What the exercise asks
Your output should be exactly the lines from the one containing "AEE4-Replacement Projector Remote" through the final line of the records, both included, with every picture left out.

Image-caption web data

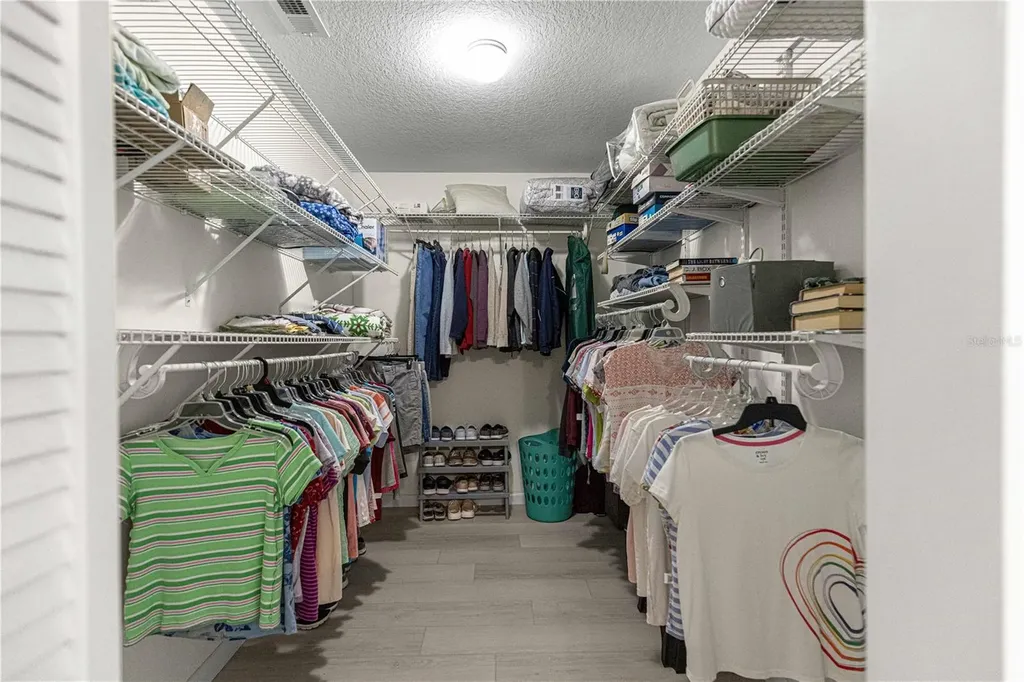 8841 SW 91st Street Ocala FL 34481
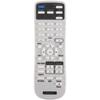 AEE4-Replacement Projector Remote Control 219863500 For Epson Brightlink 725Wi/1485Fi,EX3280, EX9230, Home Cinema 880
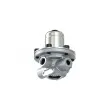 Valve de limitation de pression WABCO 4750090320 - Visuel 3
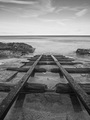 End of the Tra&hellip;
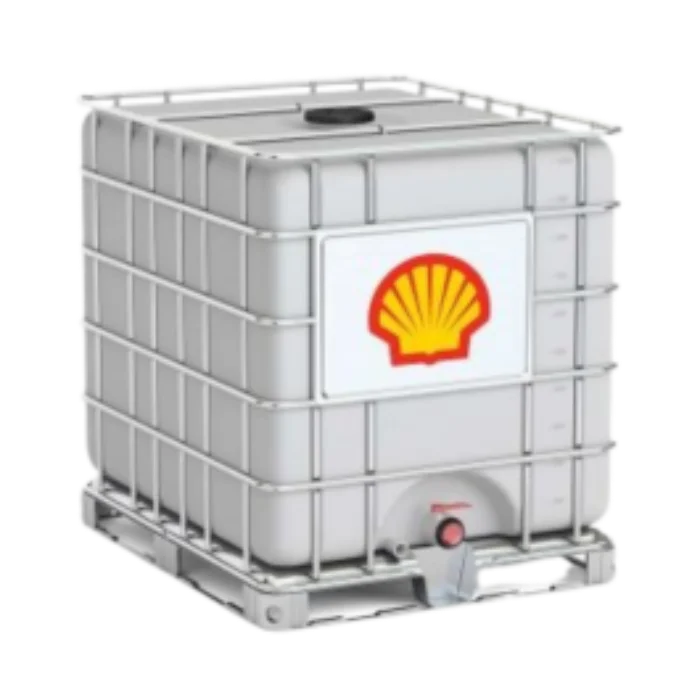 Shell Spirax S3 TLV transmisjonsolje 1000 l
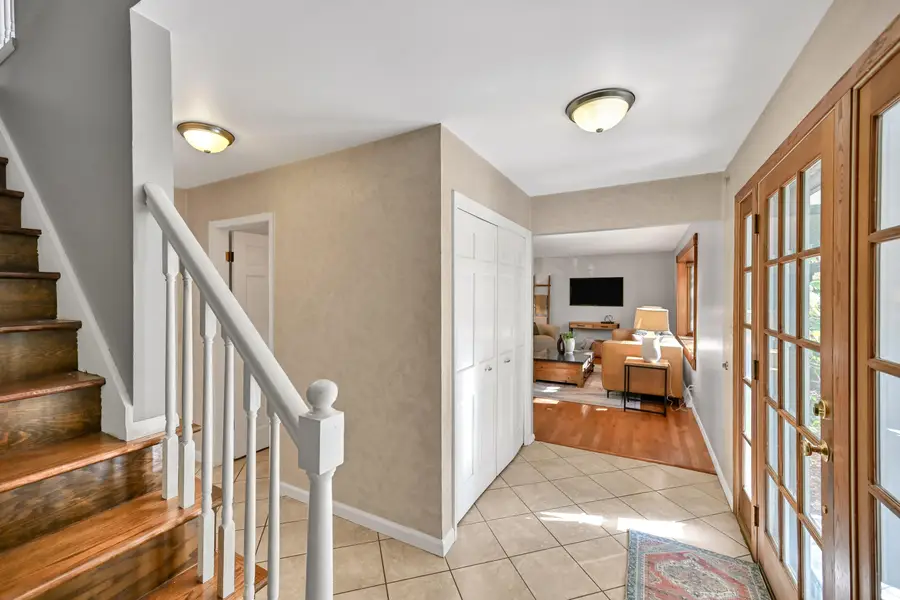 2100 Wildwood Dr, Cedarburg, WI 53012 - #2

Expected answer
 AEE4-Replacement Projector Remote Control 219863500 For Epson Brightlink 725Wi/1485Fi,EX3280, EX9230, Home Cinema 880
 Valve de limitation de pression WABCO 4750090320 - Visuel 3
 End of the Tra&hellip;
 Shell Spirax S3 TLV transmisjonsolje 1000 l
 2100 Wildwood Dr, Cedarburg, WI 53012 - #2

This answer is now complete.